Como regra geral, segundo a Constituição Federal, cabe à União legislar sobre Direito Eleitoral:
Art. 22. Compete privativamente à União legislar sobre:
I - direito civil, comercial, penal, processual, eleitoral, agrário, marítimo, aeronáutico, espacial e do trabalho;
Vimos linhas acima, que o TSE é competente para expedir instruções a fim de dar fiel execução ao Código Eleitoral (parágrafo único do art. 1º), além de outros atos que julgar convenientes (art. 23, IX).
Professor, nesse caso, o TSE invadiu a competência da União para legislar sobre Direito Eleitoral, a Resolução 23.714/22 inovou o ordenamento jurídico? NÃO e NÃO.
Para o STF, não houve usurpação da competência privativa da União para legislar sobre direito eleitoral, visto que o TSE, ao disciplinar a temática da desinformação, atuou no âmbito da sua competência normativa, por meio do legítimo poder de polícia incidente sobre a propaganda eleitoral (Precedente citado: TPA 39 MC-Ref), em reiteração a diversos precedentes jurisprudenciais e atos normativos próprios.

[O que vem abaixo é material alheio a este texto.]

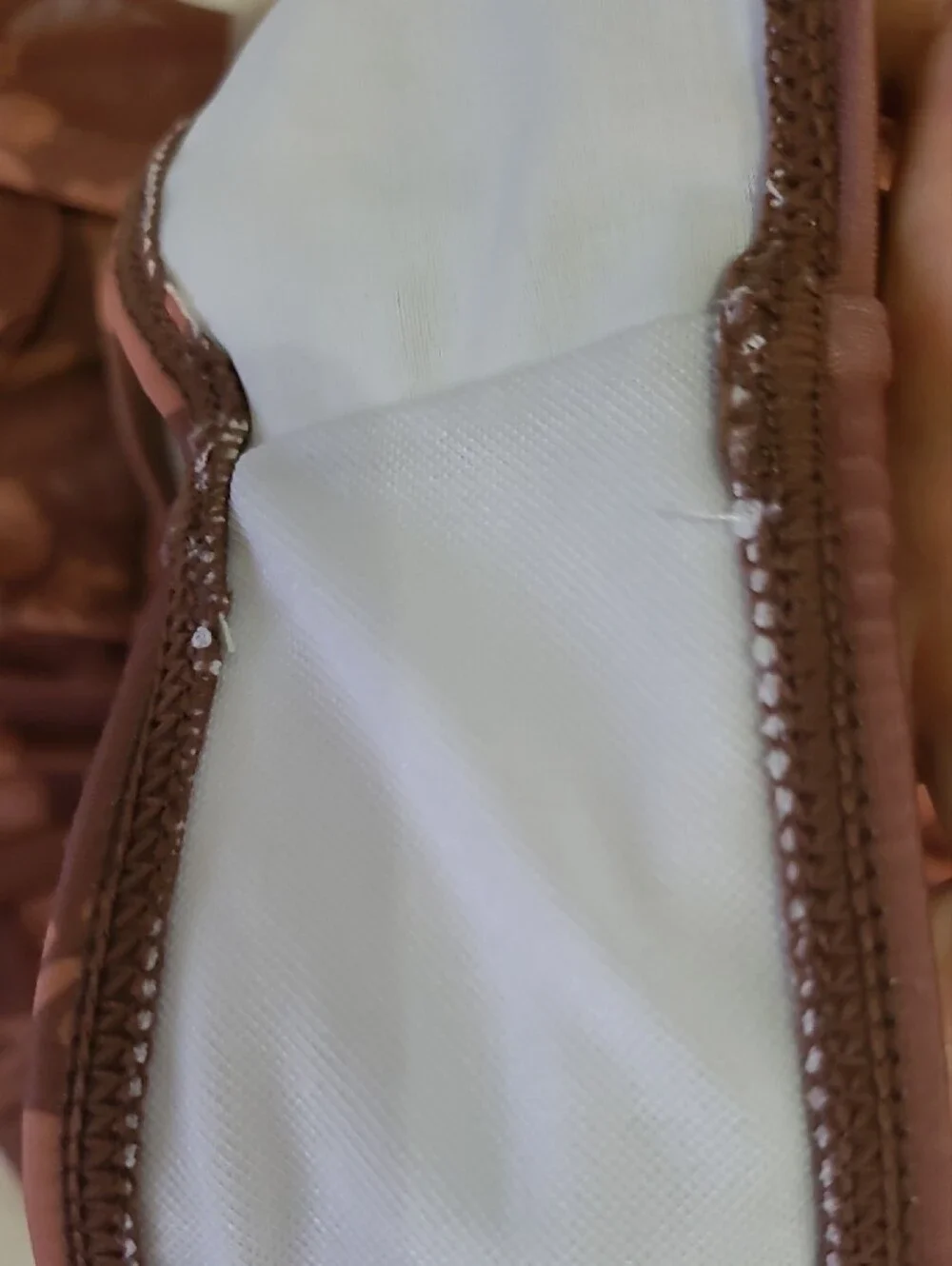Floral Brown One-Piece Swimsuit - Halter Style - Picture 8 of 10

O fenômeno da desinformação veiculada por meio da internet, caso não fiscalizado pela autoridade eleitoral, tem o condão de restringir a formação livre e consciente da vontade do eleitor.
A disseminação de notícias falsas, no curto prazo do processo eleitoral, pode ter a força de ocupar todo espaço público, restringindo a circulação de ideias e o livre exercício do direito à informação.

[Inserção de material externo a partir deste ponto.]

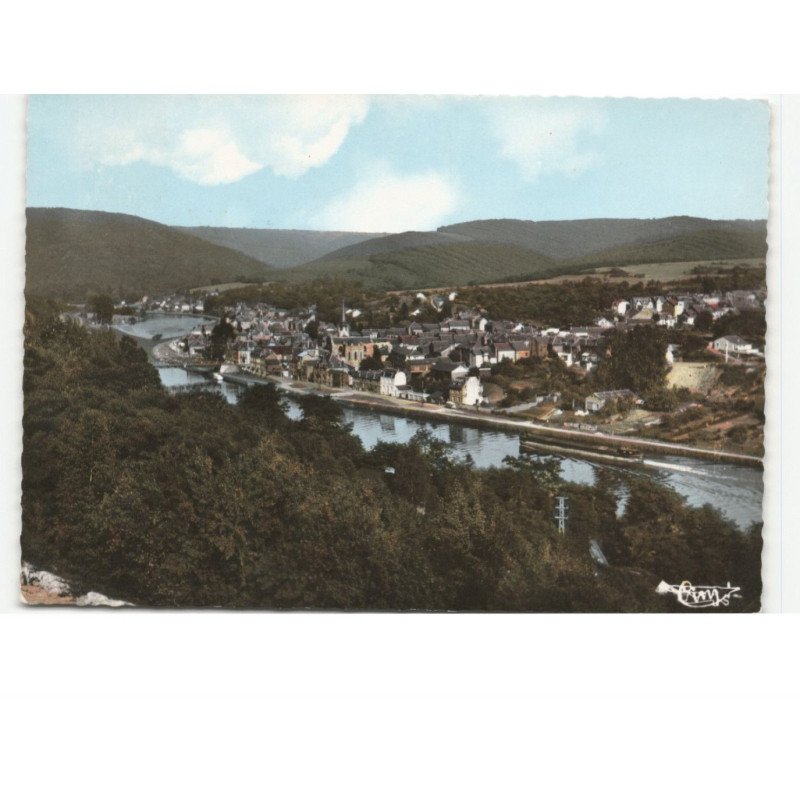 HAYBES: vue générale et la meuse vue aérienne 10x15 - très bon état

O exercício da liberdade no pleito eleitoral deve servir à normalidade e à legitimidade das eleições contra a influência do poder econômico (CF/1988, art. 14, § 9º), com o intuito de impedir qualquer restrição à consciente e livre formação da vontade do eleitor (Precedentes citados: ARE 891.647 ED e AO 1.390).
Para o Supremo, não há falar em exercício de censura prévia, pois a norma da Resolução 23714/22 prevê que o controle judicial seja exercido apenas em momento posterior à constatação do fato e restrito ao período eleitoral.
Com base nesses entendimentos, o plenário concluiu que:
É constitucional resolução do Tribunal Superior Eleitoral (TSE) editada com a finalidade de coibir, no período de eleições, a propagação de notícias falsas através de mídias virtuais e da internet, tendo em vista que o direito à liberdade de expressão encontra limites na tutela do regime democrático e na garantia do pluralismo político (CF/1988, arts. 1º, V, e 17).
[1] CARVALHO, Matheus. Manual de direlto administrativo/ Matheus Carvalho - 4. ed. rev. ampl. e atual. - Salvador: JusPODIVM, 2017. 1.216 p.
[2] CARVALHO, Matheus. Manual de direlto administrativo/ Matheus Carvalho - 4. ed. rev. ampl. e atual. - Salvador: JusPODIVM, 2017. 1.216 p.
[3] MEIRELLES, Hely Lopes e José Emmanuel Burle Filho. Direito administrativo brasileiro. - 42. ed. / atual. até a Emenda Constitucional 90, de 15.9.2015. - São Paulo : Malheiros, 2016.